Sowing chives, growing chives, how to grow chives
Chives are worth growing in any garden. They add flavor to almost every dish you can imagine. Above all, they are easy to grow and they can be eaten from top to bottom.
Don’t worry about losing the plants as they will grow abundantly and thrive if you give them just a little bit of care.
What are chives?
Chives or allium schoenoprasum are a member of the onion family.
If you would start with one seed, you would get one bulb that will form new bulbs around the first bulb.
So instead of growing bigger it just splits up and spreads.
Chives are a herbaceous perennial, it doesn’t have a woody stem and the roots stay alive underground when the temperature goes below freezing.
Where to grow chives?
If you can keep the soil moist, you can grow chives, where ever you want.
They aren’t difficult to grow at all. But they will thrive in a moist well-draining soil with good compost and mulch to avoid drying out.
It’s possible to grow them in full sun or partial shade although they like full sun.
If you want to avoid the chives to spread all over the place when flowering, it’s good to grow them in pots.
Taking care of chives
If you want to grow chives from seed, just fill up a pot or container with fertile soil or compost and poor on a bunch of seeds.
Cover the seeds with half an inch or one centimeter of soil or sand and make sure the soil stays moist, not soggy all the time.
Chives don’t need the sun to germinate, they need the moist and temperature around 70°F, 20°C.
Sometimes it helps to put the pot in a plastic bag to keep the moisture level up all the time.
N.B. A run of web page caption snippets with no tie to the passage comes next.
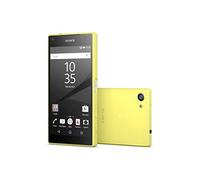Sony E5823 Xperia Z5 Compact Smartphone, Giallo [Italia]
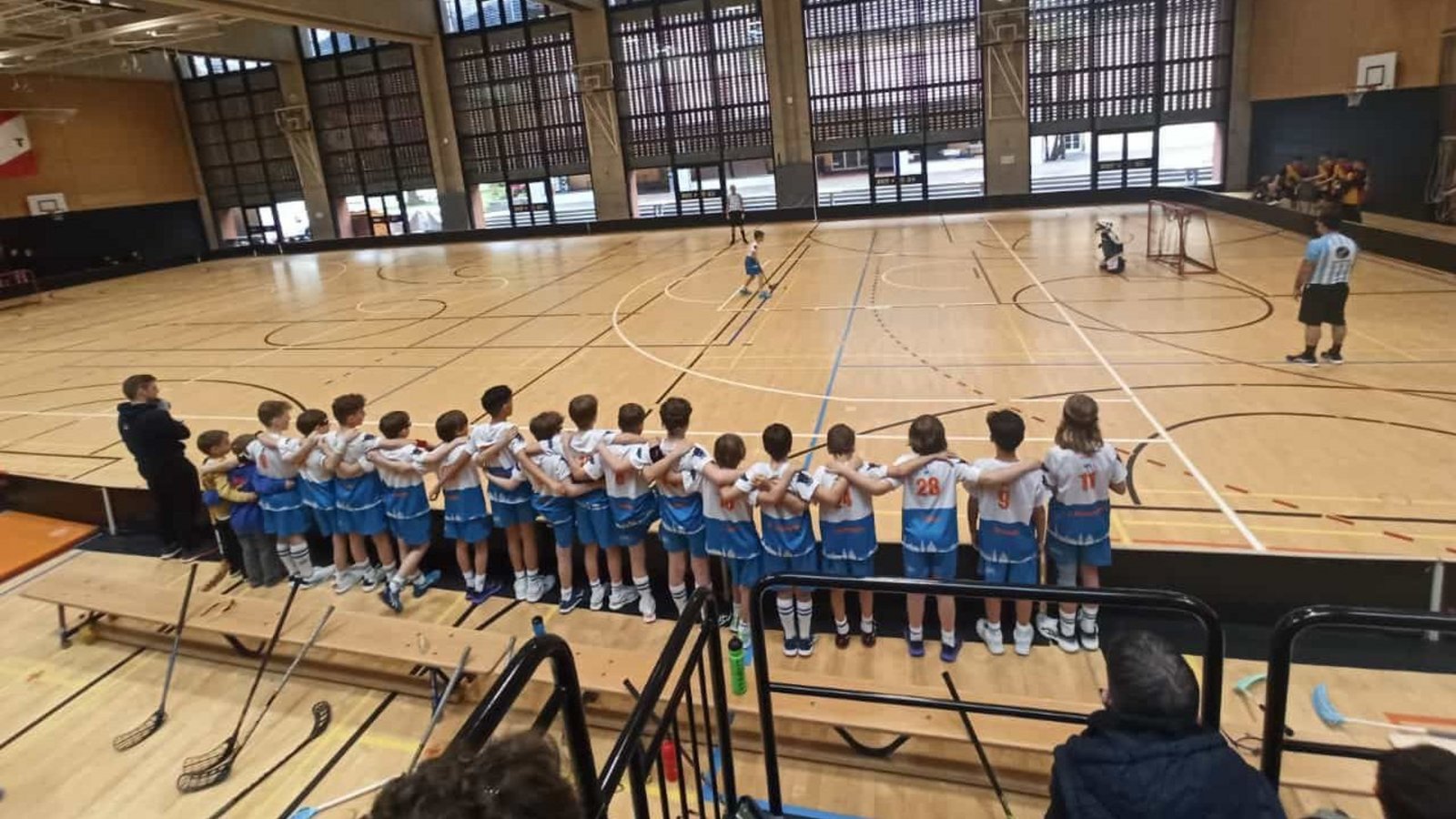 Sensation knapp verpasst - U12 Vizemeister "La Saga" 
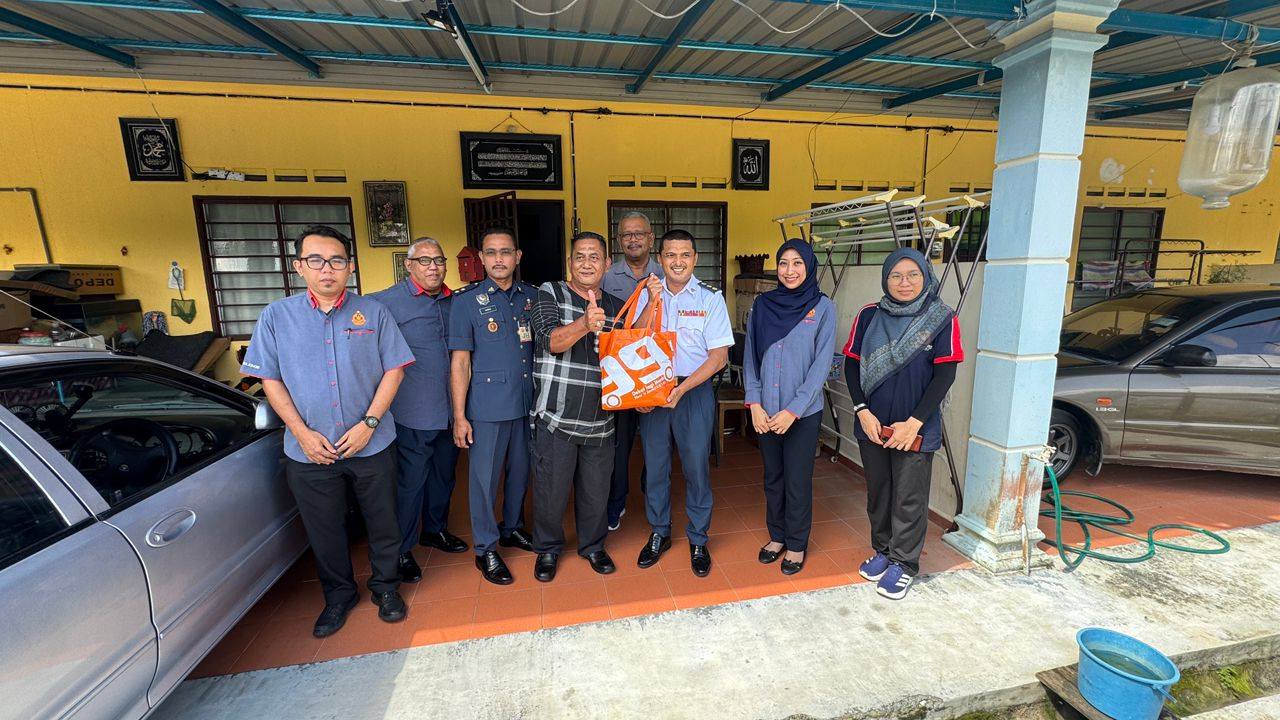 JBPM Johor Santuni Pegawai Pesara dan Balu Menerusi Program Ziarah Kasih Ramadan 2026 3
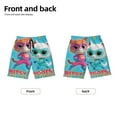 thumbnail image 2 of Super Kitties Boys Swim Trunks Quick Dry Boards Shorts For Kids Beach Swim Shorts, 2 of 7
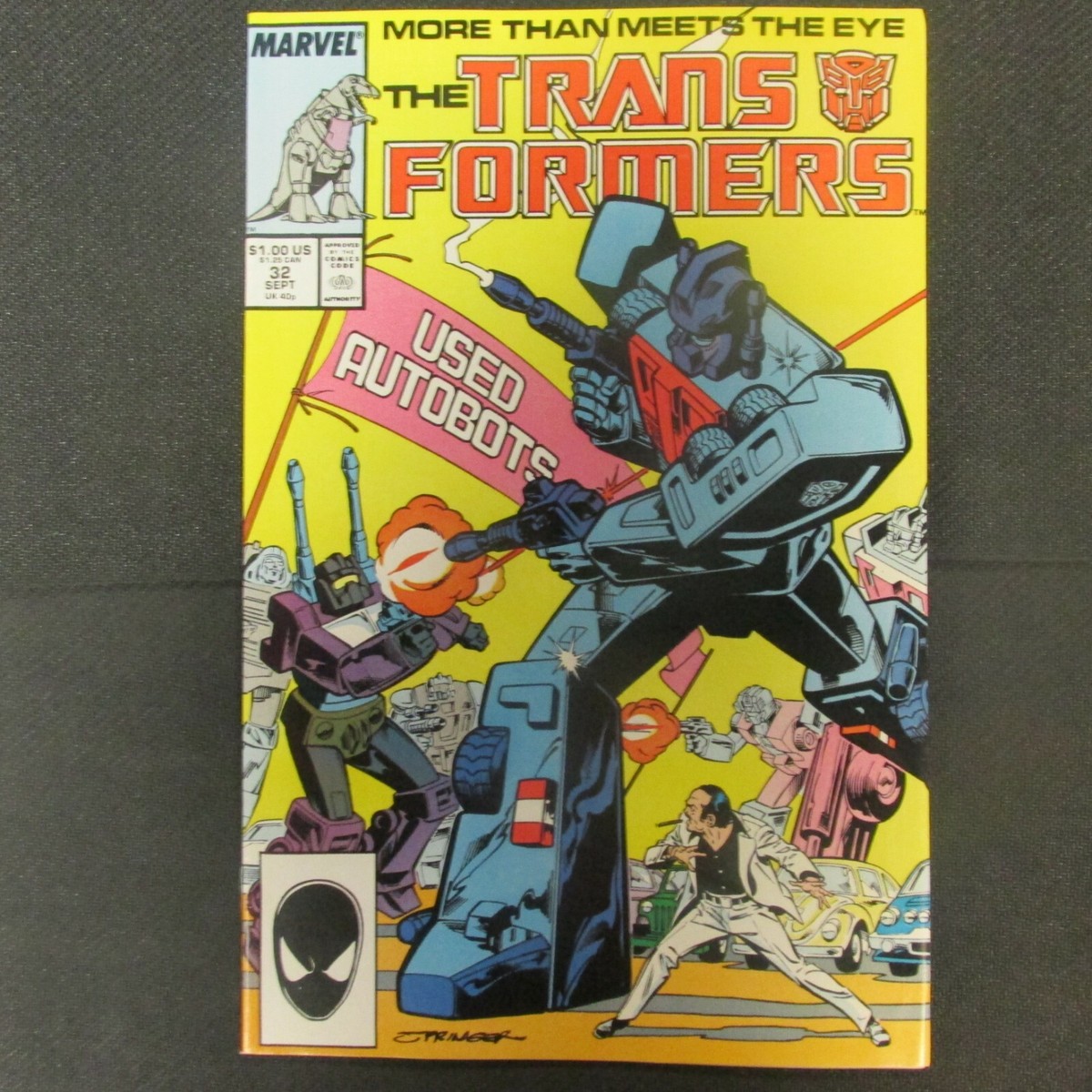 Marvel Comics The Transformers #32 (1987) Used Autobots | eBay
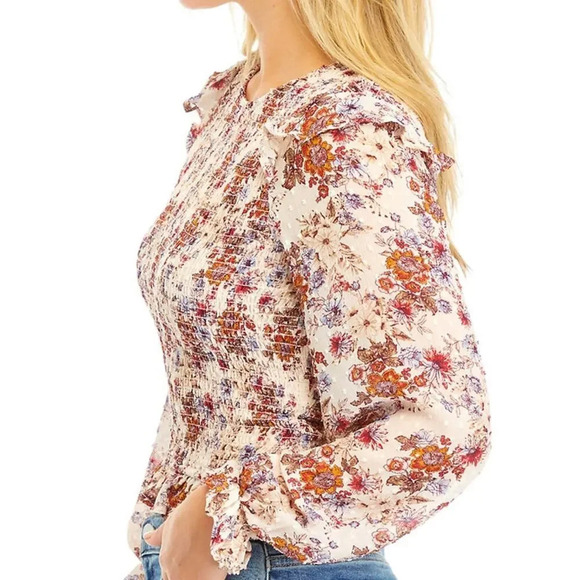 NWT Oak & Trellis Floral Fall Top - Picture 8 of 8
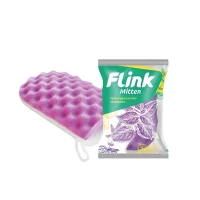 Flink Burete-manusa pentru baie Mitten 1 buc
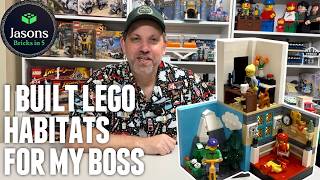 Making a Lego Creation for my Boss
The plants should start growing after 7 to 10 days.
As already mentioned above, you can grow chives almost anywhere.
I also mentioned the fact that chives are perennial plants so it’s good to split up the clump of bulbs every year or every two years.
By splitting them up, you force the bulbs to make more bulbs and the plants will thrive because of this stress.
A well-draining fertile soil is all they need, preferably by adding compost.
Don’t over fertilize as the plants really don’t need that much fertilizer through the year. By fertilizing too much the plants will lose their taste (although this isn’t permanent).
Transplanting chives or planting chives
If you were ever afraid to transplant something, start out with chives because there’s almost nothing you can do wrong.
While transplanting, you can split up the clumps and change the soil if they are standing in pots or containers.
Check to see if the bulbs are almost at the same level in the soil as they were before you transplanted them.
Harvesting chives is much like mowing the lawn. Just cut the leaves about 2 centimeters or 1 inch above the ground and you can use the whole leaves.
If you want to use the bulbs, you can just pull them out, rinse them, remove the wire roots and you can eat them.
Of course, if you eat the bulbs, you won’t have any chives left and the leaves have about the same taste as the bulbs so it’s better to just eat the leaves.
The flowers are also edible, just cut off the flower heads and toss them in your salad.
One thing I should mention, the flowering stems are hard and tasteless so, you can toss those in the compost bin.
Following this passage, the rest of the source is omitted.